Induction only works within certain frameworks. It may be conceded, however, that crucial assumptions are often kept implicit; thus we had to dig deep into technical details to expose them. Without these boundary conditions, excluding pathologies, the information sciences—at least their asymptotic theories—would not work. Groarke (2009, p. 61), makes a similar point: “Yes, post-Cartesian scepticism undermines inductive reasoning, but it also undermines deduction and everything else. This kind of absolute doubt, consistently practiced, makes genuine knowledge impossible.”

For more on these matters see Saint-Mont (2017). Apart from being more comprehensive, that work also discusses many historical attempts and the empirical side to induction. In particular: why are we “dealing with an ‘inductively normal’ world—a world in which induction is an actually efficient mode of inquiry” (Rescher 1980, pp. 160–161)? Why are inductive leaps, typically, ‘predictively reliable’ or why do they possess, in Peirce’s words, a ‘truth-producing virtue’ (cf. Braithwaite 1953, p. 264)?

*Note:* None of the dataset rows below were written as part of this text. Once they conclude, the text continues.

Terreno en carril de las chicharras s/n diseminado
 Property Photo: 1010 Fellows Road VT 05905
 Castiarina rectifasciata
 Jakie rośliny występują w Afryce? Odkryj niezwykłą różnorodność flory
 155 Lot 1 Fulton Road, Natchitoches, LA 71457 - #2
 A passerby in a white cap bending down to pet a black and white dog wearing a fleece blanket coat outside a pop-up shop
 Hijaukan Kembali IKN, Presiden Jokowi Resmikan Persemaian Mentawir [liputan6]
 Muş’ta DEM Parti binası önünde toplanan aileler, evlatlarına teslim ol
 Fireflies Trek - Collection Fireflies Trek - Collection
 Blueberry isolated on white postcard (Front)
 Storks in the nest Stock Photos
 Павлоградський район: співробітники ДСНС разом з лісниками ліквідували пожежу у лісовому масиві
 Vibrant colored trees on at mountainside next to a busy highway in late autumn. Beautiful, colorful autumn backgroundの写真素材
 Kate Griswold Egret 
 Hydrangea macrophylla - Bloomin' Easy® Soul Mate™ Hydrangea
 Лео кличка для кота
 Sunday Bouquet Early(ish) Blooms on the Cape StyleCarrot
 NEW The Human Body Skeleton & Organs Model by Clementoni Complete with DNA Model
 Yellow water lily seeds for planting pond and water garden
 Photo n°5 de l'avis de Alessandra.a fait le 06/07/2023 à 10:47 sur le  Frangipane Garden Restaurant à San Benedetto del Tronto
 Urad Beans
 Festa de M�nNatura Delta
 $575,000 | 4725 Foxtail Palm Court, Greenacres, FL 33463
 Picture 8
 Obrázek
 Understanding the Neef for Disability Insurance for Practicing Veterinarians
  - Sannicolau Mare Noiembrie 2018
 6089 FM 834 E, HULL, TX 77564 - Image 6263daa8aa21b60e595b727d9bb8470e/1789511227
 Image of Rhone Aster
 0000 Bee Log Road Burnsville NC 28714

Following the above train of thought, the roundabout answer seems to be that persisting patterns are the rule. That is, in the world we inhabit and in most of our models, information decays rather slowly (Costa 2018, pp. 357–359); and if information is at least conserved to some extent, predictions are feasible. Acknowledging that objects, forms and regularities are particular and particularly important expressions of information, it is structure—which may be understood as preserved information—rather than conformity that is crucial: One can have reasonable doubts in nature’s uniformity, however, hardly anybody will challenge the fact that we live in a structured universe.

In sum, inductive steps can often be justified, boundedness and information being the crucial ideas, essentially leading to ‘inductive funnels’ (see the illustrations). In general, the frameworks used in the information sciences demonstrate how inductive moves can be vindicated. In particular, convergence and (partially) recursive functions demonstrate that induction is far from worthless circular reasoning. Consistently, the success of statistics and the glory of science are firmly fixed in cautious hierarchical inductive reasoning (Post 1971).